# TEE - Tele-IP Limited



## amohonour (23 November 2005)

Have a good look at this one... it is moving ahead and with great progress, very positive. They seem to be crossing all their t's and dotting all their i's. Technologically looks very good and recieving lots of interest read current ann and today they released agm presentation very impressive. Up about 25%+ in the last 2 days, good volume.


----------



## stocknoobie (24 November 2005)

*Re: TEE... check this one out*

don't be fooled by the profit taking trader, there isn't any actual figure to prove the stock is having uptrend. probably u r one of these profit taker and try to bump up the stock then sell it.


----------



## amohonour (24 November 2005)

*Re: TEE... check this one out*

sorry not a trader med to long term


----------



## sam76 (23 January 2006)

This article from AIREVIEW got my attention.

don't know how to take it.

Any thoughts from holders?

Minnow Stock Showing Great Promise

January 18 2006 -Australasian Investment Review -(AIR)
We don't really know where the misconception stems from, but let's get this straight: penny
stocks are in no way, shape or form a cheaper investment option. (You simply get more of
them for the amount you are investing because they are so cheap).

If anything, however, penny stocks are high risk. That's because it's easier to see a three
cent stock move by one or two cent (either way) than it would be for BHP Billiton to advance
or fall by $10 or more. Percentage wise, we are talking the same arithmetic values.
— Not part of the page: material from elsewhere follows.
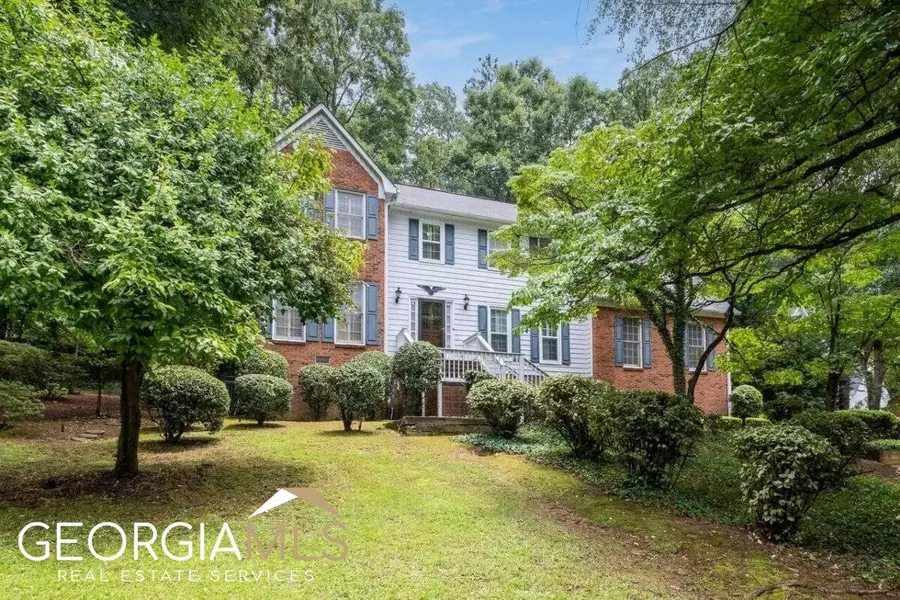 2093 Breconridge, Marietta, GA 30064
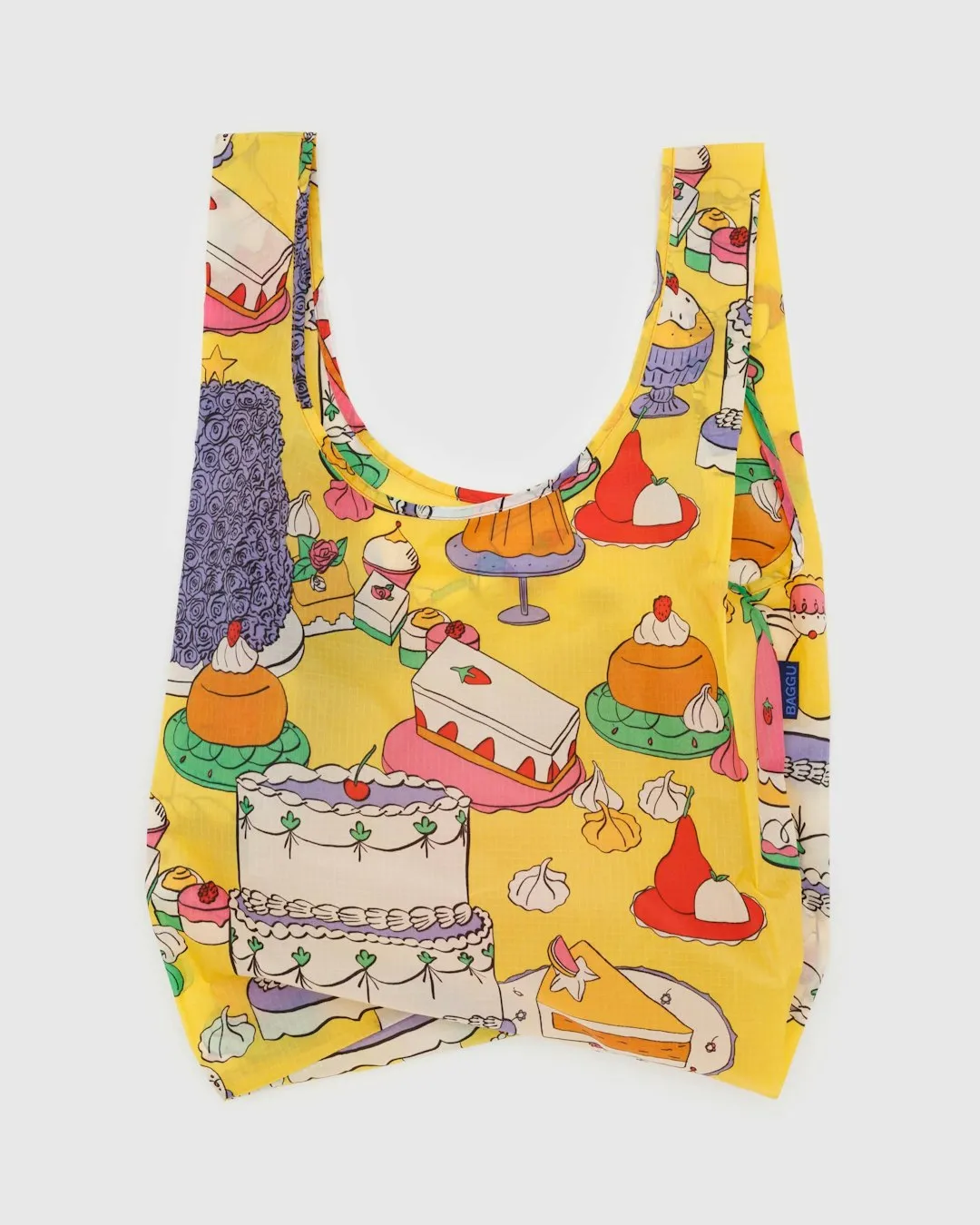 Reusable Standard Baggu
That's
what makes penny stocks so attractive for the occasional punt (the term comes from the UK
but one has to admit it sounds better than "a few cents stock").

A few months ago AIR received one of those hot tips about a junior oil explorer. It was one
that came via Aunt Margaret's daughter's nephew who happened to know the baker's son
who was seeing the daughter of an accountant whose client... anyway, you get the picture.

There was simply no way we could ever write a story and link it to a "reliable source". Sure,
it didn't take that long before the share price tripled, and the trading volumes were quite
nice as well. But as stated before, we have to have at least a genuine story to tell before we
consider writing something for this magazine.

We may have found one now. Micro
cap Tele-IP Limited (TEE) is readying
itself to become a genuine growth
opportunity after spending more than
six years in the darkest cellar of the
Australian Stock Exchange.
Instead of Aunty Margaret's
daughter, we have our information
from a "reliable source", yes indeed;
in fact there is more than one source
that has provided us with some
insight into what's going on inside
the micro telecom service provider.

And we can only admit it would
appear management is showing
some good intentions while making
all the right noises.

Tele IP, which is probably best described as a less mature version of today's Commander
Communications (CDR) without Volante (VGL), should be able to make some gigantic
advances over the coming months, also because its past has been somewhat less colourful
Yes, that's a genuine attempt to stay polite.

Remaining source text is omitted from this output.